- Working data
========

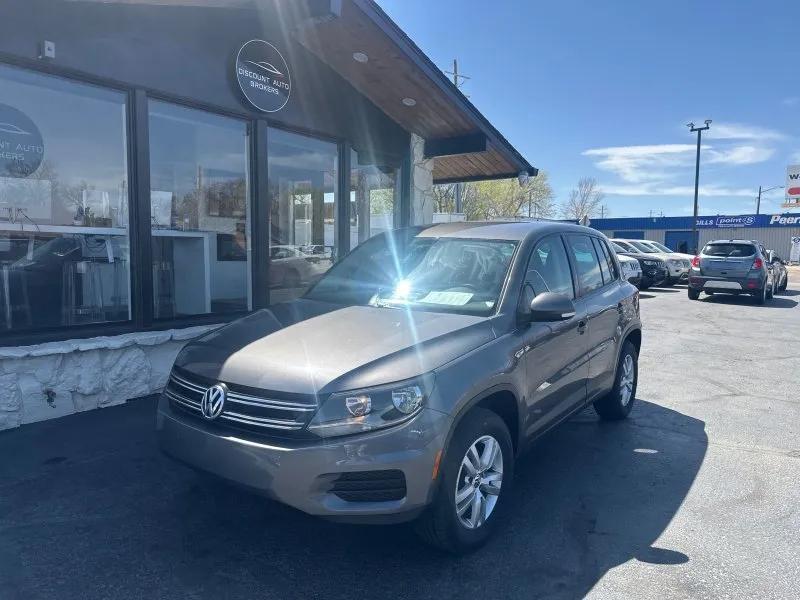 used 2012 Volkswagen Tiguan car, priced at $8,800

========

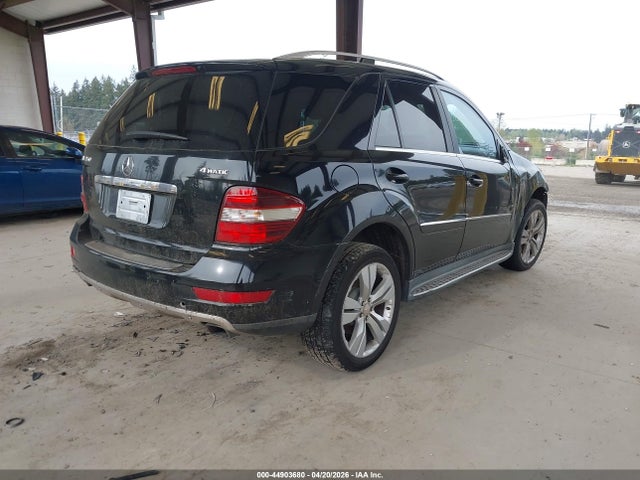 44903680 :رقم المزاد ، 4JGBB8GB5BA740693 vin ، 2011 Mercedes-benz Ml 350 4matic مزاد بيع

========

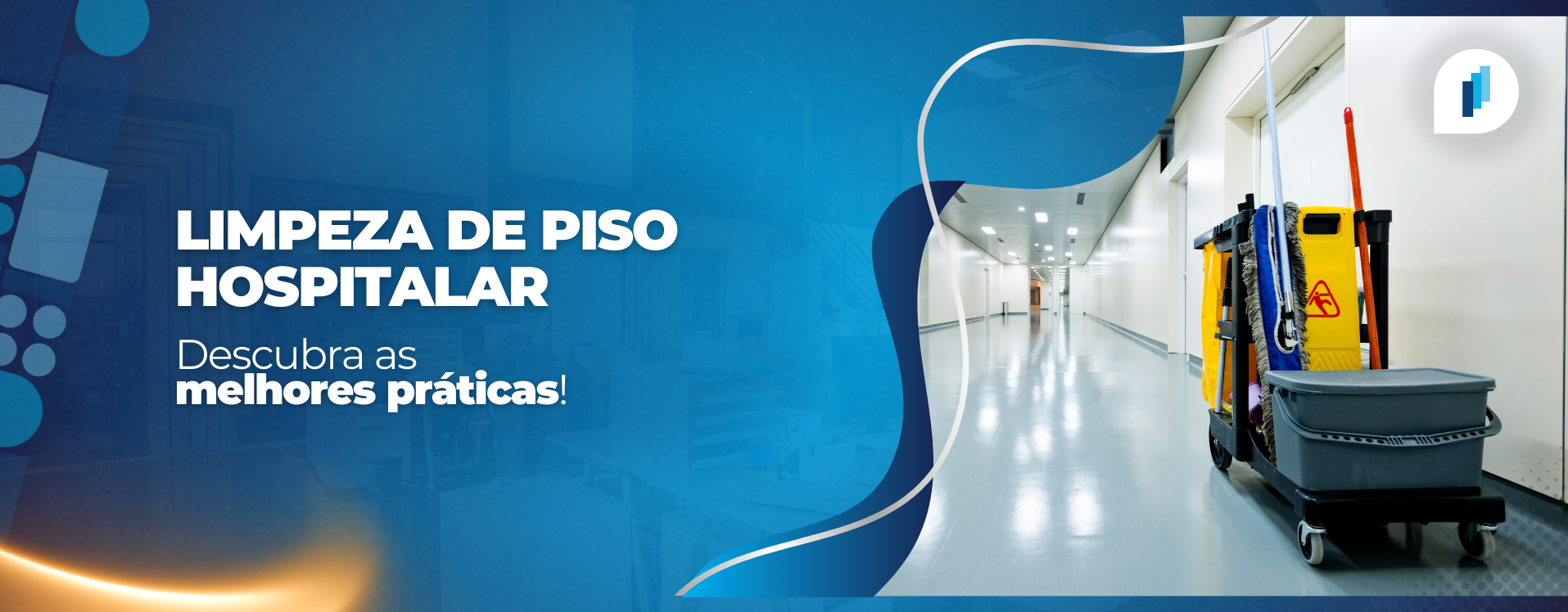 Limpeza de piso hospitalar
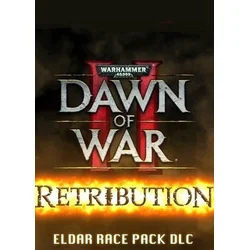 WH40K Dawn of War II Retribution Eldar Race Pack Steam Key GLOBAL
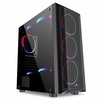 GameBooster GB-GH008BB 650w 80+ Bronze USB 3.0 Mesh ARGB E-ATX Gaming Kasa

========

- Work instructions
Beginning with the line that contains "WH40K Dawn of" and ending with the line that contains "GameBooster GB-GH008BB 650w", reproduce the listing exactly, pictures excluded.

- Output for this exercise
 WH40K Dawn of War II Retribution Eldar Race Pack Steam Key GLOBAL
 GameBooster GB-GH008BB 650w 80+ Bronze USB 3.0 Mesh ARGB E-ATX Gaming Kasa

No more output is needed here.